It is easy to see how the “stops” myth started, because people did recognize that a lot more photons were being measured and recorded in the brighter regions of an image because of the non-linear response of the human visual perception system to reflected light.
The myth arises primarily because (1) people try to make photography more complicated than it is, and (2) it isn’t appreciated that human perceived brightness is a “logarithmic” function of the number of photons detected and recorded by a sensor. Doubling the number of photons hitting pixels (by changing aperture by one stop) does not double the perceived brightness. Doubling the intensity (photon density) of a point of light does not double our perception of it’s brightness (this is a biological phenomenon). And similarly, by design, the conversion of voltages read out from a sensor chip eventually takes this relationship between reflectance in visible light and the perception of brightness or lightness, into consideration. If shooting JPGs in-camera, or in the rendering of JPG preview files for RAW images, for LCD viewing on the camera, then RAW conversion is done for you, in-camera, using the reflectance/brightness relationship being discussed.
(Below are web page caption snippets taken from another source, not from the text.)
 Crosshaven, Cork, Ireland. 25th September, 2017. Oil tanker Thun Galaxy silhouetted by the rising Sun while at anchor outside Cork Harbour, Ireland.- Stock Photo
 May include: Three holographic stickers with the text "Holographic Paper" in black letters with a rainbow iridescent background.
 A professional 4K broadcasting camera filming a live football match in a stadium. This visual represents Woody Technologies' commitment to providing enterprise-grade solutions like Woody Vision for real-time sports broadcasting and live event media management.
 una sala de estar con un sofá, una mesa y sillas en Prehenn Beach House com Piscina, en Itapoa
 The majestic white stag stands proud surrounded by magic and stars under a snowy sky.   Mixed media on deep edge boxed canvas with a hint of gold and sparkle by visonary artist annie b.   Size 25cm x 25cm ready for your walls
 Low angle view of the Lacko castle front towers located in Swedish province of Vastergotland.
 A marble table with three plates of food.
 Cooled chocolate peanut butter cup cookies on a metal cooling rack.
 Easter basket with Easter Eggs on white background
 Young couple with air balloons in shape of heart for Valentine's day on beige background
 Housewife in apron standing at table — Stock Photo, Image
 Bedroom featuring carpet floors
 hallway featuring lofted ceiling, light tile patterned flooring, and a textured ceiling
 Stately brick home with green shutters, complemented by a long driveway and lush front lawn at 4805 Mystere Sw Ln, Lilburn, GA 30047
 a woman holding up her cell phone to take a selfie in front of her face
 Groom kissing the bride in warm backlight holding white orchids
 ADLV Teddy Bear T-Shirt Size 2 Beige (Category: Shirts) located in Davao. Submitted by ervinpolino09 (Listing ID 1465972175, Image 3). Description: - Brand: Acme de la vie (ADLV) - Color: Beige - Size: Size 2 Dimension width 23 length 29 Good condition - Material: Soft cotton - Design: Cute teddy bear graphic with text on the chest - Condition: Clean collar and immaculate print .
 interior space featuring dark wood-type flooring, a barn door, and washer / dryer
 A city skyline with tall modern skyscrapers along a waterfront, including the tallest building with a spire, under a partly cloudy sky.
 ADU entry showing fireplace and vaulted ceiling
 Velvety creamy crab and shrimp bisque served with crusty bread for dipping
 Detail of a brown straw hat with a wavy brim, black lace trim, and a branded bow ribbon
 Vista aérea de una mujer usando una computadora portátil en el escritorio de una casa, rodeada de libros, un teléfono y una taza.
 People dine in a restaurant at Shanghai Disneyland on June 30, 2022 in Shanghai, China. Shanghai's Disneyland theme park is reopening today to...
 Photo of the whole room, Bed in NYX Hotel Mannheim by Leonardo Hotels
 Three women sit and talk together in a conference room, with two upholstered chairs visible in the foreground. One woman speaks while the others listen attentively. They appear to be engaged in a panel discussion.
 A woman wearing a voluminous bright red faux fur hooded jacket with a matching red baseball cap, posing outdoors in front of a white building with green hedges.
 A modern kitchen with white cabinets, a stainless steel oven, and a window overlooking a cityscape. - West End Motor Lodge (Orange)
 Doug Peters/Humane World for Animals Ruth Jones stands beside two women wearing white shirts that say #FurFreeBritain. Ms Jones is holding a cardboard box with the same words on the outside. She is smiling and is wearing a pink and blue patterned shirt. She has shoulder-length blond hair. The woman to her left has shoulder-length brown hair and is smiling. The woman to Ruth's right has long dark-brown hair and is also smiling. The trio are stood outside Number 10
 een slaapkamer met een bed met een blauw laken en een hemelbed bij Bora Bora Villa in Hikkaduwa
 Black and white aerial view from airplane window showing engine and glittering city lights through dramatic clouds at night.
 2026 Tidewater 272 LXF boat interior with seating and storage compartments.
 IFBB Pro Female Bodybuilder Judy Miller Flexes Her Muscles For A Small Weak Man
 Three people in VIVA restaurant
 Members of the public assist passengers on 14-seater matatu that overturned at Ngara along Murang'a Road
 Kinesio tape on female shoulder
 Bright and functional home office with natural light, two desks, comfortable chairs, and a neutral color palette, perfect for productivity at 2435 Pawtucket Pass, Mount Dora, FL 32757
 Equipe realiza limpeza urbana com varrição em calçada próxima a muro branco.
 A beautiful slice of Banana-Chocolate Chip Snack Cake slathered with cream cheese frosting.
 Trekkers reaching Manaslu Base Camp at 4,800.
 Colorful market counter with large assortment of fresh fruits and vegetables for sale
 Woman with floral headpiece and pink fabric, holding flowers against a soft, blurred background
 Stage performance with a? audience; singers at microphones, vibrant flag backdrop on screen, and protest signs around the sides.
When shooting RAW files for your workflow, this conversion is usually done during RAW conversion in software on a computer, as part of your workflow. (But, (and we are getting off track her) in theory, it would certainly be possible to do some of the transformation and processing in-camera (this would depend on the camera manufacturer’s implementation, especially if not using the only real RAW standard, DNG. Most RAW and all DNG images would be expected to record more reflectance values in the brighter regions. But remember, reflectance isn’t brightness!).
In the end, the histograms we see on the camera LCD and in Lightroom or Photoshop are just plots of the perceived brightness vs. frequency-of-occurrence of pixels.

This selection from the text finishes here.